The people behind rugby here have painstakingly and methodically built a culture that is generational and they built it on the micro-, not the macro-, level.
Of course, the Sevens steals most of the spotlight and largely funds all the other things the Union does. But the reality is that there have been thousands of kids and adults, many of them local, who have taken part in leagues and programmes the Rugby Union has set up.
“Over the last year, despite all the protocols in place, we saw 10,000 local primary school kids participate in one of our rugby programmes,” McRobbie said.
“By creating a rugby community, it’s amazing to what extent we have managed to grow the profile and understanding of the game within the local community.”

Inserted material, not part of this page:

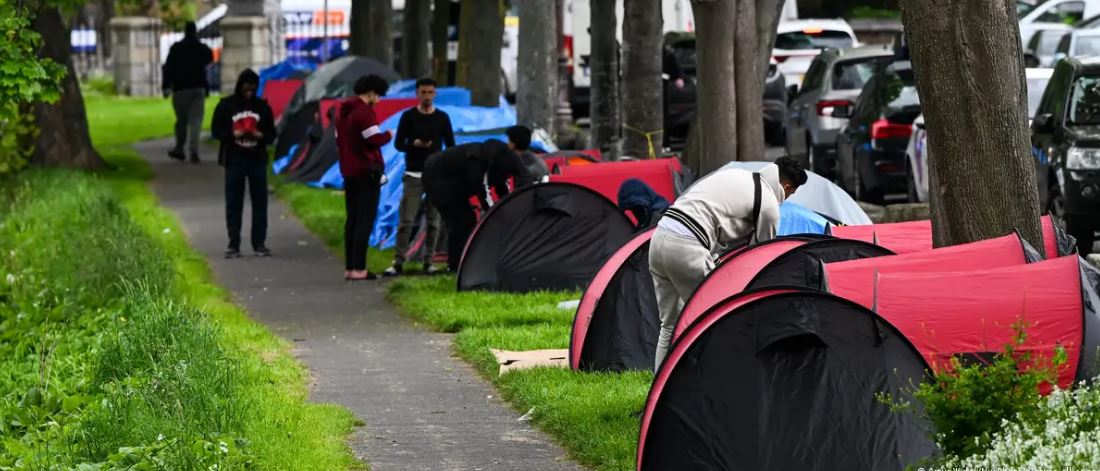 Pasojat e ligjit “Ruanda” vështirësojnë edhe më shumë situatën/ DW: Emigrantët në Irlandë, midis fronteve me çadra plastike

It’s also amazing to see the impact of that community both far and wide. I was recently watching a report on the war in Ukraine only to find out the correspondent reporting on it was actually a member of the Hong Kong women’s 2017 Rugby World Cup team.

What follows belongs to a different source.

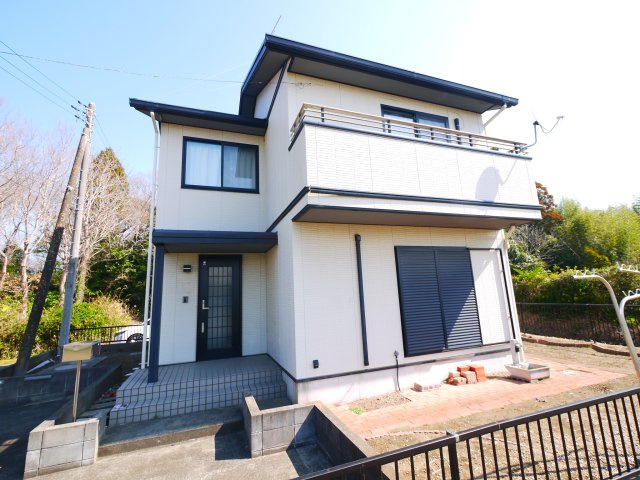 東金市家徳　中古戸建の外観|内装リフォーム済み令和6年4月 トヨタホーム施工軽量鉄骨 複層ガラス 駐車2台（車種制限あり）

“There is no question that my involvement in rugby from the age of 11 on has had a positive impact and played a huge role in my life,” Laurel Chor said.
Being a war correspondent is challenging enough, but being a female one in a male dominated field can be even more daunting.
“I was so lucky to grow up in an environment where a girl playing rugby was not a big deal, it was totally normal,” Chor said.
“We started playing so young that we always grew up feeling empowered. It never even crossed my mind that I couldn’t do those things. There is this general, supportive atmosphere in rugby that has influenced my values which in turn has influenced my work and what I care about.”
The community outreach of rugby – working with disadvantaged youngsters and at-risk youth who are looking for some positive guidance and a second chance – has helped to create an organic culture that is built to endure.
“Religion, status, colour, creed, ethnicity, whatever it is, we have got kids and young adults from every walk of life engaged in the game,” McRobbie said. “It’s the essence of the values of the game.”
If you talk the talk, you better walk the walk and they have. It’s an invaluable lesson for our appointed leaders as they try to propel Hong Kong forward.
Good news though – they need look no further than Hong Kong Stadium this weekend for a proper lesson in the organic value of earning, not asking for, respect.